Orangeburg, S.C.

At the first presidential debate, Brian Williams tosses me the classic are-you-a-populist-or-not? softball, which my aides somehow didn’t prepare me for: “What’s the price of a gallon of milk?” I hedge by asking, “Regular or soy?” and quickly provide the correct amount for unsweetened soy at Whole Foods ($1.99 per quart), but the scornful looks in the crowd confirm that I’ve already been cast as an effete, unelectable Northeastern liberal. John Edwards nails the right answer and pours himself a tall, victorious glass from his pitcher of 2 percent.

New York, N.Y.

Before I tuck in at my own $1,000-a-plate fundraising dinner, I ask one of the servers, “What’s in the chicken casserole?” White wine, Worcestershire sauce, and garlic, he thinks. I press until he finds the head caterer, who confirms there’s both sour cream and undiluted cream-of-mushroom soup.

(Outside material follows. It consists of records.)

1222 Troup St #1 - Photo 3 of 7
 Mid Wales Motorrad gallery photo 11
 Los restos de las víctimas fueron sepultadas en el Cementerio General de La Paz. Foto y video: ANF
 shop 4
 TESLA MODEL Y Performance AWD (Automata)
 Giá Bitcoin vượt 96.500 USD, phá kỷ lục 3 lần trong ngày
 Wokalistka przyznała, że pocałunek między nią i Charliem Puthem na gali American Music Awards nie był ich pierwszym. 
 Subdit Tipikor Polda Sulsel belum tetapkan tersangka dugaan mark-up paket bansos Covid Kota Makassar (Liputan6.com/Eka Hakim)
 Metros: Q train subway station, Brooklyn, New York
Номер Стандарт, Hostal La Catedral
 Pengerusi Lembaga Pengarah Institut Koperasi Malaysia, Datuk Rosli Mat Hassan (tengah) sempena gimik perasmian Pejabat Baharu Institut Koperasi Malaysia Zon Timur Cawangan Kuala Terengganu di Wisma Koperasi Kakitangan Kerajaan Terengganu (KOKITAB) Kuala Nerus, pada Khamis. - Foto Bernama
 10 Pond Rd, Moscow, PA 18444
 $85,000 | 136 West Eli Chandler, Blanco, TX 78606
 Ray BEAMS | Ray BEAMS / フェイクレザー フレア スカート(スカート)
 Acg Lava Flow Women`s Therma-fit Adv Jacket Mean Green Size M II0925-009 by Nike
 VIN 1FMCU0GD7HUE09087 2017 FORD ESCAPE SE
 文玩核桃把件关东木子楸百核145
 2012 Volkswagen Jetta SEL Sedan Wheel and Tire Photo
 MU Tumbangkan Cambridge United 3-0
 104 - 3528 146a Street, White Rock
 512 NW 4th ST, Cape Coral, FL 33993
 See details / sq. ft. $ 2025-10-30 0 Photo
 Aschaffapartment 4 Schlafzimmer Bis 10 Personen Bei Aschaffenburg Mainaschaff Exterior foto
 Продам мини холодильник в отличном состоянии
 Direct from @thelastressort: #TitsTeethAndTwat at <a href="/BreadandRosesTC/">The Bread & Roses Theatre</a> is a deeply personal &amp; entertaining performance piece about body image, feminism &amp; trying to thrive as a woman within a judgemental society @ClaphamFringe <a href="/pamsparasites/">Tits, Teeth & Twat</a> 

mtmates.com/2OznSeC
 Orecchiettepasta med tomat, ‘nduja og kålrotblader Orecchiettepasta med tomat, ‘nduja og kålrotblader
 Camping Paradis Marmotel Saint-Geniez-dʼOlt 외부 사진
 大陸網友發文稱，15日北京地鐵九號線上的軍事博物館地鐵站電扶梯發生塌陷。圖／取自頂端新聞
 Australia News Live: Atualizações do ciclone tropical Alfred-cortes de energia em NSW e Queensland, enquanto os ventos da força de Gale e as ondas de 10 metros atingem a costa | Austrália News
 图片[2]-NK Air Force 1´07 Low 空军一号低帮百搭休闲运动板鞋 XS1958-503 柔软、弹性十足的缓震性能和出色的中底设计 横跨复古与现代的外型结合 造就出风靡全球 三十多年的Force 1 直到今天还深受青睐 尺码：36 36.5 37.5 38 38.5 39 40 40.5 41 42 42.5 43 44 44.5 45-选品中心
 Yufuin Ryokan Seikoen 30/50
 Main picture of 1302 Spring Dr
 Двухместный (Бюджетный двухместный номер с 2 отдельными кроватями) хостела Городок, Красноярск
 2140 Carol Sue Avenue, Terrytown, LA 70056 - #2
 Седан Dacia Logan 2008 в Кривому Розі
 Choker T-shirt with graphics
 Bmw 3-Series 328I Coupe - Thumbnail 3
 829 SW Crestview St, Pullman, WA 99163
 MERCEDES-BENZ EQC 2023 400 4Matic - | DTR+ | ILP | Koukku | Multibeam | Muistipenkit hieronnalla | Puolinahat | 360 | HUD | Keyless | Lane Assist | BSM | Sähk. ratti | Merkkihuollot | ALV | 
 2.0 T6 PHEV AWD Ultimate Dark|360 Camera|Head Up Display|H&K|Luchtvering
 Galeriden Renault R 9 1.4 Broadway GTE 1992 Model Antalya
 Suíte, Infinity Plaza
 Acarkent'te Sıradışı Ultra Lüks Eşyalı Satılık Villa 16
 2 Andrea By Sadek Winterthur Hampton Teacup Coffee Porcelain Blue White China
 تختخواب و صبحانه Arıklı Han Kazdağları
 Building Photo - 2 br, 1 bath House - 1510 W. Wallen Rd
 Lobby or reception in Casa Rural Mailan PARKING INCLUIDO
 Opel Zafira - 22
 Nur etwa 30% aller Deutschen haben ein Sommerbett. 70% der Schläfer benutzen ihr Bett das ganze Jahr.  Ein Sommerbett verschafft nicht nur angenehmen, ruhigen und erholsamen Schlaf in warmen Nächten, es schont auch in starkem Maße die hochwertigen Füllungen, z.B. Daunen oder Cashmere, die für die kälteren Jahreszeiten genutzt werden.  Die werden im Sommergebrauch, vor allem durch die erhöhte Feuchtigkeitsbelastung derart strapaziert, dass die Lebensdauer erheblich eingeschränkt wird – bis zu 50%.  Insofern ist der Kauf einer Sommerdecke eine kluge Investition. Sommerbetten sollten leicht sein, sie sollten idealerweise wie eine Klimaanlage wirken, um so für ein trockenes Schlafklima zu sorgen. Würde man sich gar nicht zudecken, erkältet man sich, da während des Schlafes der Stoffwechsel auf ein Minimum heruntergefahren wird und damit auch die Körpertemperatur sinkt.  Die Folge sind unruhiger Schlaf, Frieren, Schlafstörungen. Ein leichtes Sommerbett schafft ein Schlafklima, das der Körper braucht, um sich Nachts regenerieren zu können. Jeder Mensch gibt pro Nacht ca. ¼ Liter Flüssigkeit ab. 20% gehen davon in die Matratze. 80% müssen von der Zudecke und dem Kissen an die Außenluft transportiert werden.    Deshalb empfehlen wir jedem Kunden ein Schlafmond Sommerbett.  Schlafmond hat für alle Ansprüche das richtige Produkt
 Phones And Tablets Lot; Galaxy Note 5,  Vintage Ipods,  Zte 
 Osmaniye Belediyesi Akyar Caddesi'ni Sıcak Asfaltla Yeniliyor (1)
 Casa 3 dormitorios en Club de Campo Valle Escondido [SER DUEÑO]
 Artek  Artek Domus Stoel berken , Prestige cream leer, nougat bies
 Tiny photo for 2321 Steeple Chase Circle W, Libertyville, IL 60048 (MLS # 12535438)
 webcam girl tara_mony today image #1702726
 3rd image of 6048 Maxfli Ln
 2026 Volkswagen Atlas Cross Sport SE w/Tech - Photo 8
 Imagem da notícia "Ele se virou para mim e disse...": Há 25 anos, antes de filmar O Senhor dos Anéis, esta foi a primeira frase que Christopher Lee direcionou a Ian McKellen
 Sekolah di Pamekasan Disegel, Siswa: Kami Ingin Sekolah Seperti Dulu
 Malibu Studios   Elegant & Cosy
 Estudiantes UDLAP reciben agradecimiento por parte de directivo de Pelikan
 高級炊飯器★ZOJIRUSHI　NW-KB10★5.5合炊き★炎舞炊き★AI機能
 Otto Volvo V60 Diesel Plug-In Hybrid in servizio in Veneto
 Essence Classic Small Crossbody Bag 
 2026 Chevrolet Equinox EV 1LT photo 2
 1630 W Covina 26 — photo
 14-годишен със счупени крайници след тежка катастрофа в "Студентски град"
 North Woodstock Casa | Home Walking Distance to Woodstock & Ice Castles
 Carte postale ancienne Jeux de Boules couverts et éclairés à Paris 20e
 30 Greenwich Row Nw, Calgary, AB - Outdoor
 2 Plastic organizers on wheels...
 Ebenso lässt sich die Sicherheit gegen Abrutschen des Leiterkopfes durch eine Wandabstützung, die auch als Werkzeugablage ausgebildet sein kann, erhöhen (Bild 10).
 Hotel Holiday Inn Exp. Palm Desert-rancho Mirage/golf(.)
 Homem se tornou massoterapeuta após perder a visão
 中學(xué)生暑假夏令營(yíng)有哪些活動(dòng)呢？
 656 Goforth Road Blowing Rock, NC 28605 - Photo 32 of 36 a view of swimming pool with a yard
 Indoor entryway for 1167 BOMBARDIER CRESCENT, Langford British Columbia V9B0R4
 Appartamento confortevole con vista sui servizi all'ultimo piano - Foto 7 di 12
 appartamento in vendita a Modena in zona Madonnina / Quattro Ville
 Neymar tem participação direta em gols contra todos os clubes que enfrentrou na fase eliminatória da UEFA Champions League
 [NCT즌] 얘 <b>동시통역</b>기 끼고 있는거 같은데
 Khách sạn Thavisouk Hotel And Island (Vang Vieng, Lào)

Crisis averted—until I realize I’m two seats away from a Wall Street Journal reporter who’s been waiting on tenterhooks for me to slip up. The analysis in the next morning’s paper: I’m likely to be a nitpicky, Socialist-style micromanager who will bloat the federal government with bureaucrats.

Ames, Iowa

Everything’s going great as I work the crowd after a rousing stump speech. Then a mother holds out her infant for me to kiss—and I see the telltale signs on its face of recent nursing. I hesitate before air-kissing the kid on his ear. Result? I’m labeled “wooden” and “lacking a fluid ounce of human compassion.”

Lake Geneva, Wis.

Photo op at a local diner famed for its gargantuan milkshakes, but I’ve come prepared. Just before the friendly waitress slides me a classic chocolate malted with extra whipped cream, I surreptitiously reach into my pocket for two stashed Lactaid pills. Hours later, close-up shots spread on the Internet with this caption: “Possible Prez a Pill Popper?”

Washington, D.C.

My Senate proposal to set up a trade embargo with all the Scandinavian countries until the next presidential election, is met with accusations that I’m pandering to the dairy lobbyists. Then I’m called a Clintonian sellout when, in an attempt to rebound, I propose “ending government cheese as we know it.”

Los Angeles, Calif.

Guess who’s the only major candidate not to appear in a “Got Milk?” commercial, after his milk mustache prompts a massive outbreak of hives and Jaggeresque swollen lips? I’m forced to drop out of the race due to what my polling people call “crippling vulnerability in the heartland and with soccer moms concerned about osteoporosis”; apparently, I have traction only with Asian Americans and Ashkenazi Jews. I comfort myself that night with an extra-large serving of raspberry sorbet and vegan crème brûlée. It sucks.